Elle vit les quatre autres se tourner vers elle. Le jeune guide souriait d’un air moqueur.

— Désolée, dit-elle.

— Je crois que tout le monde est fatigué, intervint Beltran. Si on allait se coucher ?

La brune lui lança un regard irrité. Le guide et elle n’avaient pas encore suffisamment flirté.

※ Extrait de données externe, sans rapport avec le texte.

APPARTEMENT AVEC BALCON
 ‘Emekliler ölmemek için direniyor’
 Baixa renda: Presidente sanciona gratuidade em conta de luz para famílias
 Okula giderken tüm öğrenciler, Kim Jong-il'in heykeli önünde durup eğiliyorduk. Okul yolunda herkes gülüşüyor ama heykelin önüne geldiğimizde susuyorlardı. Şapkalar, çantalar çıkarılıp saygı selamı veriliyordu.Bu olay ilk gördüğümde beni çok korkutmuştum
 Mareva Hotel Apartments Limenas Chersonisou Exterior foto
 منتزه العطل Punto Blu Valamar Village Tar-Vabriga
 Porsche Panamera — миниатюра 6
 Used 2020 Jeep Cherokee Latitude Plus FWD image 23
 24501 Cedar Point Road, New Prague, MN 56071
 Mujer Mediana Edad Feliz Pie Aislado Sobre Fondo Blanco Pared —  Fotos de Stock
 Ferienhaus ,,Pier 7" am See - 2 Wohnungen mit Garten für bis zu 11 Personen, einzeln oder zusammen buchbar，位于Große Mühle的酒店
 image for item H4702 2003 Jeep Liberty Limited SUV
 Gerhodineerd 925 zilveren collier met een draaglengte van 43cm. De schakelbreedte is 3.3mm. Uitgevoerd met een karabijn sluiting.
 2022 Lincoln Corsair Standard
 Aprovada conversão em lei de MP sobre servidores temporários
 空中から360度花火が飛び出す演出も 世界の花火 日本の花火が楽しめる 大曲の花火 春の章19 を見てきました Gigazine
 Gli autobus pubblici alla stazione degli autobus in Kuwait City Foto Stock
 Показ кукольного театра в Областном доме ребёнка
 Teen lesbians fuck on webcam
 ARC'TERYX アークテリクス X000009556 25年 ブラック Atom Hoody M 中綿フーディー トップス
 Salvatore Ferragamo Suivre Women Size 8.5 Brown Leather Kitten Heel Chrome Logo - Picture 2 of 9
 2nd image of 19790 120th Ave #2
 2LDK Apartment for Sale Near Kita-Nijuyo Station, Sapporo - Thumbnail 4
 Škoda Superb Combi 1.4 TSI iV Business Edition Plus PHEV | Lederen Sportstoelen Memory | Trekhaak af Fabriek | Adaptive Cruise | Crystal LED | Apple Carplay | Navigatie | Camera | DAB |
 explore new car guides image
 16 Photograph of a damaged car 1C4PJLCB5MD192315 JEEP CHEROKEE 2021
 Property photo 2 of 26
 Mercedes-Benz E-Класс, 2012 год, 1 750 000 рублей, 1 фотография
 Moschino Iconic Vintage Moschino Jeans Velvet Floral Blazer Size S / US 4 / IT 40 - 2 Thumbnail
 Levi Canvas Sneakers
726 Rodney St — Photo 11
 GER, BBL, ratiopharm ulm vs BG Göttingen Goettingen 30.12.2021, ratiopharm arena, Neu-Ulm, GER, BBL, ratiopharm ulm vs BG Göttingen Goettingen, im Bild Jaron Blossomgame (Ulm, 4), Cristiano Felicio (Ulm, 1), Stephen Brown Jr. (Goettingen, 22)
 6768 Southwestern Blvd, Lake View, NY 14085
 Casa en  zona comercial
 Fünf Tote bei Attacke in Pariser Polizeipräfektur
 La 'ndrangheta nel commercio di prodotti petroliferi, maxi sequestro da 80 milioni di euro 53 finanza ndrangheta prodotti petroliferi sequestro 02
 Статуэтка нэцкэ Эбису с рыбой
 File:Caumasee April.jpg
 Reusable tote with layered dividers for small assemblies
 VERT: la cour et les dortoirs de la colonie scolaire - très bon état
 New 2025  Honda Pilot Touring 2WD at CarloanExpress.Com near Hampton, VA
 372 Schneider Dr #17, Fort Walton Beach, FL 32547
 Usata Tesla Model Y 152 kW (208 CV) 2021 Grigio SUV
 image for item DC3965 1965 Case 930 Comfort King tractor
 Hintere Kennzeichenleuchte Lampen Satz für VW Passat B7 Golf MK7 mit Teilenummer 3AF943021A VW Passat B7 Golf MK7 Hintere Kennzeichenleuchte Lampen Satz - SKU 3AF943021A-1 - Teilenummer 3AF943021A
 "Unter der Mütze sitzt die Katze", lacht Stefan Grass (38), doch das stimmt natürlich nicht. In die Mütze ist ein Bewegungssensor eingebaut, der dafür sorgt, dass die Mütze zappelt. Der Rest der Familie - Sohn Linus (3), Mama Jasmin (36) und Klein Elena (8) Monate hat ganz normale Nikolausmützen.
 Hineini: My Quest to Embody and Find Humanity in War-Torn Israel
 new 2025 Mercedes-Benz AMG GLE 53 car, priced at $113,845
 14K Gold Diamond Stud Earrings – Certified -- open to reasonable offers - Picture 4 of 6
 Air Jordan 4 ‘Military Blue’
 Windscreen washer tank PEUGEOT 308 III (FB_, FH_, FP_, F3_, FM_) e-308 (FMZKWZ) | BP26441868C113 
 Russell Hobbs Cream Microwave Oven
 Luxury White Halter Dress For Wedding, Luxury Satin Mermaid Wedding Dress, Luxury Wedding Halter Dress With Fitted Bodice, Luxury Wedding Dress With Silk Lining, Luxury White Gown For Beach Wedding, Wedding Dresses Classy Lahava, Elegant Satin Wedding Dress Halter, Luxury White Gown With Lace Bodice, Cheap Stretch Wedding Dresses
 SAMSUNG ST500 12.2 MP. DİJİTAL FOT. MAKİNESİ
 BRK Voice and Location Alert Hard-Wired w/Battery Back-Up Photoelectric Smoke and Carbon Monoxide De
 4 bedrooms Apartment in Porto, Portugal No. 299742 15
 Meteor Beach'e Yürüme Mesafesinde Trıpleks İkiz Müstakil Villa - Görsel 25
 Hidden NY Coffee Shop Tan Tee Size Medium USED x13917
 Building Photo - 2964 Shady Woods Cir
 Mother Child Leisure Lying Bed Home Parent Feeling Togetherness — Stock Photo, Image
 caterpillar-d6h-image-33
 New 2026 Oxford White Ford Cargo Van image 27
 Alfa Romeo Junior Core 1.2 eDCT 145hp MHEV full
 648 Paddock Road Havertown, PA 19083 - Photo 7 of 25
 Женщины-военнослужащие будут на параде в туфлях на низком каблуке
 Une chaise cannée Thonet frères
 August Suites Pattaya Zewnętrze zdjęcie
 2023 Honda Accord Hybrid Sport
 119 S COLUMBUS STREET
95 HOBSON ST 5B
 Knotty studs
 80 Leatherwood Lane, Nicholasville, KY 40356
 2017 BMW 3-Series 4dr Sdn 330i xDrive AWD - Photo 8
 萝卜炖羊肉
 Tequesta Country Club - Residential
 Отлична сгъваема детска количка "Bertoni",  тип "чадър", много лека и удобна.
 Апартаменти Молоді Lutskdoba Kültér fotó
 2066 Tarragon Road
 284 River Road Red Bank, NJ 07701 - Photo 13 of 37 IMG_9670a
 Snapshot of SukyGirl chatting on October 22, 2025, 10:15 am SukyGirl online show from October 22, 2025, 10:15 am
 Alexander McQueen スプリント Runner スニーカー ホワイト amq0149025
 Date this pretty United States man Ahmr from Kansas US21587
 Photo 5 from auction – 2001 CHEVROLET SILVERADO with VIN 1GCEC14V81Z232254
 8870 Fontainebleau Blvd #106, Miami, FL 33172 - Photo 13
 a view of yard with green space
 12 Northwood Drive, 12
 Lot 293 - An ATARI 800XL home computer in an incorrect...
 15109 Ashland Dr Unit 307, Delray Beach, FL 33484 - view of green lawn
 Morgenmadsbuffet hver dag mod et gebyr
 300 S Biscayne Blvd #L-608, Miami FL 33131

— Bonne idée, dit l’homme au visage brûlé de sa voix froide et aiguë.

— Je vais m’en fumer une dernière avant de dormir, dit le jeune guide en se levant. Tu viens avec moi ? demanda-t-il carrément à la brune.

Elle hocha la tête en souriant et le suivit. Elle avait bien quinze ans de plus que lui. Salope, pensa Emmanuelle. Le jeune guide ouvrit la porte et, l’espace d’une seconde, tous entendirent le bruit du vent dans les branches des sapins. Puis il referma la porte.

— Ça fout quand même un peu les jetons, son histoire, reconnut la brune une fois dehors.

Il sourit et sortit une cigarette du paquet. Elle tendit la main pour s’en saisir, mais il l’écarta de ses doigts avant de sucer le bout-filtre ostensiblement. Elle sourit à son tour. Elle ne quittait pas des yeux les jolies lèvres du jeune guide, rouges comme un fruit au milieu de sa barbe blonde. Il glissa ensuite la cigarette dans sa bouche à elle, et approcha la flamme vacillante du briquet, sans la lâcher une seconde du regard.

— Matthieu, c’est ça ? demanda-t-elle.

— Yeap.

— Je n’aime pas dormir seule, Matthieu.

Ils étaient très proches, pas aussi proches cependant qu’elle l’aurait voulu, à cause des cigarettes. Elle était divorcée, libre de ses mouvements, et elle ne se privait pas de mettre à profit cette liberté chaque fois que l’occasion s’en présentait.

— Tu es loin d’être seule, répondit-il, tu auras trois mecs autour de toi…

— Je veux dire : seule dans mon sac de couchage…

Ils écartèrent presque simultanément leurs cigarettes, et leurs visages se rapprochèrent. Elle sentit son souffle et son haleine fleurant le vin sur sa figure.

— Tu veux faire ça avec les autres qui pioncent à côté, constata-t-il. C’est ça qui t’excite.

Ce n’était pas une question.

— J’espère surtout qu’il y en aura au moins un qui ne dormira pas, répondit-elle.

— Et si on le faisait là, tout de suite ?

— Trop froid.

Elle plongea ses yeux dans les siens. Son regard : vacant, vide de toute expression ; il envahissait presque tout le champ de vision de la femme brune et pourtant elle vit quelque chose bouger dans les fourrés derrière lui, dans l’angle formé par le cou et l’épaule : une ombre mouvante — et elle tressaillit, son cerveau brutalement déconnecté de leur parade amoureuse.